Yes, we did. I think one the things we're doing -- we will push the pads after this more of trouble out, reduce the cycle time to bring those wells on quicker. So -- but we will need to work with and we'll see some of the lumpiness with the capital being spent and then the production coming on line. And it's kind of the work that we have to do as we transfer from single and 2-well pads into multi-well pads. And as the borrowing capacity that sort of manage output, to expect that to get the efficiencies from bringing our production out all at the same time to get those respective wells paid back and pads paid back quickly.

Neal Dingmann -- SunTrust -- Analyst

Hi guys. Thanks so much for the answers.

Operator

Your next question comes from Leo Mariani from KeyBanc.

Leo Mariani -- KeyBanc. -- Analyst

Hey guys, I was hoping to get a little bit more color on Big Tex in terms of how many of those 29,000 acres are going to be expiring at the end of this year and how many may expire at the end of 2020. And certainly, it seems like you've had some encouraging results there. I mean is that -- have those results kind of prompted more discussions on other farm-outs or DrillCos? Do you feel like those results are kind of good enough to get one of those deals done?

James J. Kleckner -- President, Chief Executive Officer and Director

Well, I think there are a lot of commercial avenues open for Big Tex, as I mentioned earlier.

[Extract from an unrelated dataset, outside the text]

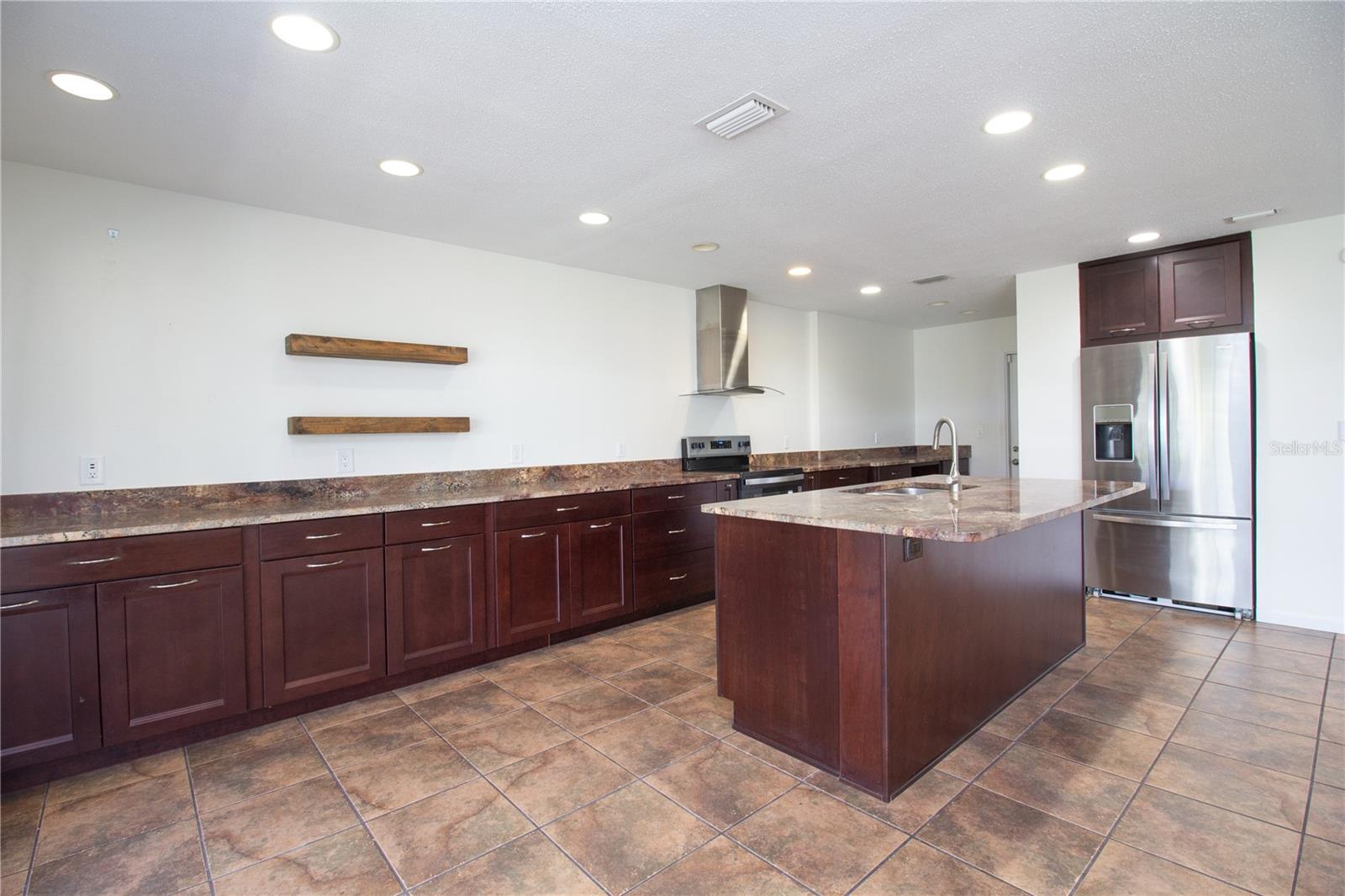 Image 5 of 27 For 6575 Green Valley Drive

And certainly, when you have positive and encouraging well results, those opportunities become much, much better. And I think it's too early to comment on the inside of acre expiry that could occur in Big Tex this year or next year other than we're studying it very carefully with an eye on capital allocation and our overall portfolio on optionality of acreage that we have in Big Tex.

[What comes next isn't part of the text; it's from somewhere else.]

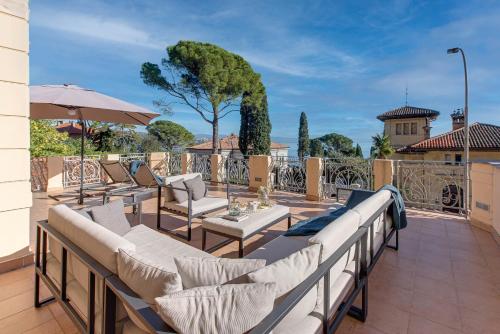 Luxury Seaview Apartment Luxury Seaview Apartment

Leo Mariani -- KeyBanc. -- Analyst

Okay. And I guess just additionally, kind of sticking with Big Tex here. So just trying to get a sense what the cost was of that recent Wolfcamp A well as well as your Woodford well there.

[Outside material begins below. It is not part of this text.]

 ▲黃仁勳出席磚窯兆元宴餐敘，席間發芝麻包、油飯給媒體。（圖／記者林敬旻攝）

Craig R Walters -- Chief Operating Officer and Executive Vice President

Yes. This is Craig Walters. So as far as the cost associated with those 2 particular wells down in Big Tex, a little bit higher than our $1,250 per foot average. Those are single wells, so we had to build a single-well facility and we also didn't get the benefit of zipper completion or same locks type operations there. So it's a little bit higher than our $1,250 number.

Leo Mariani -- KeyBanc. -- Analyst

Okay. That's helpful. And I guess just with respect to G&A, looks like you guys certainly cut a pretty good chunk out of that -- out of the guidance this year. Can you just kind of talk through a little bit how you guys are able to do that and might you see further reductions going forward?

James J. Kleckner -- President, Chief Executive Officer and Director

Yes. Absolutely. We look at our G&A costs as -- on the cash cost side of it. And last year, we put in place processes and systems and steps that we took to more efficiently manage the business and our -- improved our organizational capacity through new technology in some of these processes. So as we looked at our pace of activity in 2019 and beyond, we simply readdressed organizational needs and focused on driving cost down to protect margins. At the end of the day, this is all a margin game, and we've got to improve on cost and certainly strive to offset any leakage of loss of margin.

Leo Mariani -- KeyBanc. -- Analyst

Okay. Thanks.

Operator

Your next question comes from Michael Scialla from Stifel.

Michael Scialla -- Stifel -- Analyst

Hey good morning everybody, Looking at your inventory and what you've drilled so far, I just wondered are there any more zones you'd like to test at this point or do you feel like you've pretty well delineated the vertical column at this point?

James J. Kleckner -- President, Chief Executive Officer and Director

Craig, why don't you speak to what we've got as far as the ongoing appraisal exercise? We're focused on our core areas, but we are testing and continue to test various zones throughout [indecipherable]

Craig R Walters -- Chief Operating Officer and Executive Vice President

Yes, Michael, this is Craig. Great question. As we look at kind of the full column that we have available to us, I mean, obviously, our focus has been, I'll say, a third Bone Spring through Wolfcamp B. I know we demonstrated kind of the percent of wells that we're going to have this year in those various horizons, and it's over -- a bit over 50% Wolfcamp A and then I think it was equal 22% each in the third Bone and Wolfcamp B. We do have some -- in fact, we have a well drilling right now that is a second Bone Spring well. Excited to -- this will be our third Bone Spring well across Jagged Peak's portfolio, so excited to see what that one will do. Our G&G and subsurface team continues to evaluate for those other horizons, but they don't have any plans currently to go out and test them.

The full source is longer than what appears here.